The first order of business was to prepare to migrate the production runtime to a new cloud environment, with a robust infrastructure as code deployment and multi-stage deployments. A monumental achievement in industry and a bunch of computer talk in the RCAF. Safe to say we executed it perfectly, with no noticeable impact to operations and a resulting CI/CD and scalable production runtime more appropriate for the significance of the usage.

Over this period the team grew the base platform to deliver over 140 capabilities in support of air operations, culture and innovation. And maybe most importantly, the RCAF was shown a glimpse of what a true digital air force could look like.

Zero to One

After four years, the #DigitalAF team from Harled has, against all odds, delivered the zero-to-one of a modern, digital cloud offering for the Royal Canadian Air Force. An incredible accomplishment. It also became clear that it was a good time to support the RCAF in graduating to a larger, more established organization to continue to operate and iterate on what we had jointly created. We also hope it has paved the way for additional modern technical projects to be undertaken that deliver world-class solutions to service members and ask more of our contractors on behalf of tax dollars invested.

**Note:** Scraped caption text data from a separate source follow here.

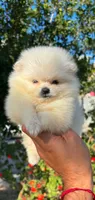 White (Teacup size), a male Pomeranian for sale in Riverside, CA – 5 of 8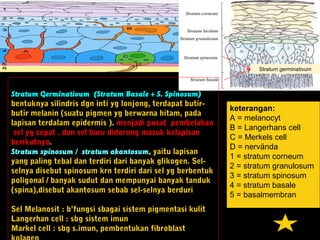 keterangan:
A = melanocyt
B = Langerhans cell
C = Merkels cell
D = nervända
1 = stratum corneum
2 = stratum granulosum
3 = stratum spinosum
4 = stratum basale
5 = basalmembran
Stratum germinativum
Stratum Germinativum (Stratum Basale + S. Spinosum)
bentuknya silindris dgn inti yg lonjong, terdapat butir-
butir melanin (suatu pigmen yg berwarna hitam, pada
lapisan terdalam epidermis ). menjadi pusat pembelahan
sel yg cepat . dan sel baru didorong masuk kelapisan
berikutnya.
Stratum spinosum / stratum akantosum, yaitu lapisan
yang paling tebal dan terdiri dari banyak glikogen. Sel-
selnya disebut spinosum krn terdiri dari sel yg berbentuk
poligonal / banyak sudut dan mempunyai banyak tanduk
(spina),disebut akantosum sebab sel-selnya berduri
Sel Melanosit : b’fungsi sbagai sistem pigmentasi kulit
Langerhan cell : sbg sistem imun
Markel cell : sbg s.imun, pembentukan fibroblast
 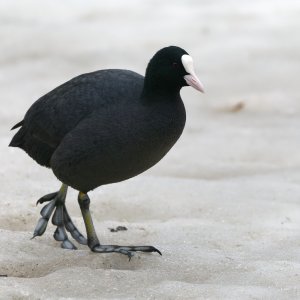 Coot on the snow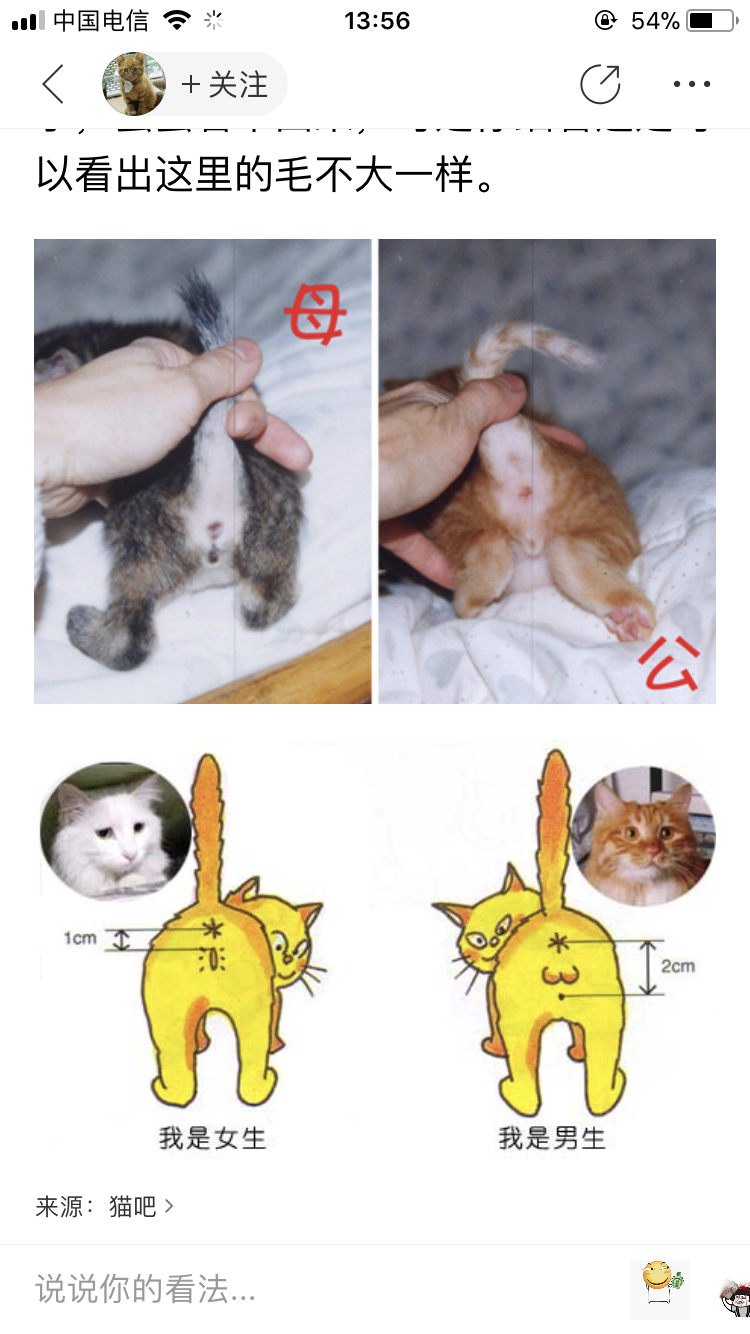 2个月小猫公母分辨图图片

The original user case and users account for less than 0.5% of the current active users. They represented the foot in the door needed to bring modern software to thousands of air crew, support staff and civilians working in the RCAF. It also created a much needed sparkler to show others in the Department of National Defence, and Canada that not only is modern possible, but it greatly improves the efficacy of our government and the incredible missions they are responsible for delivering to Canadians.

We will continue to cheer them on and can't wait to see what comes next.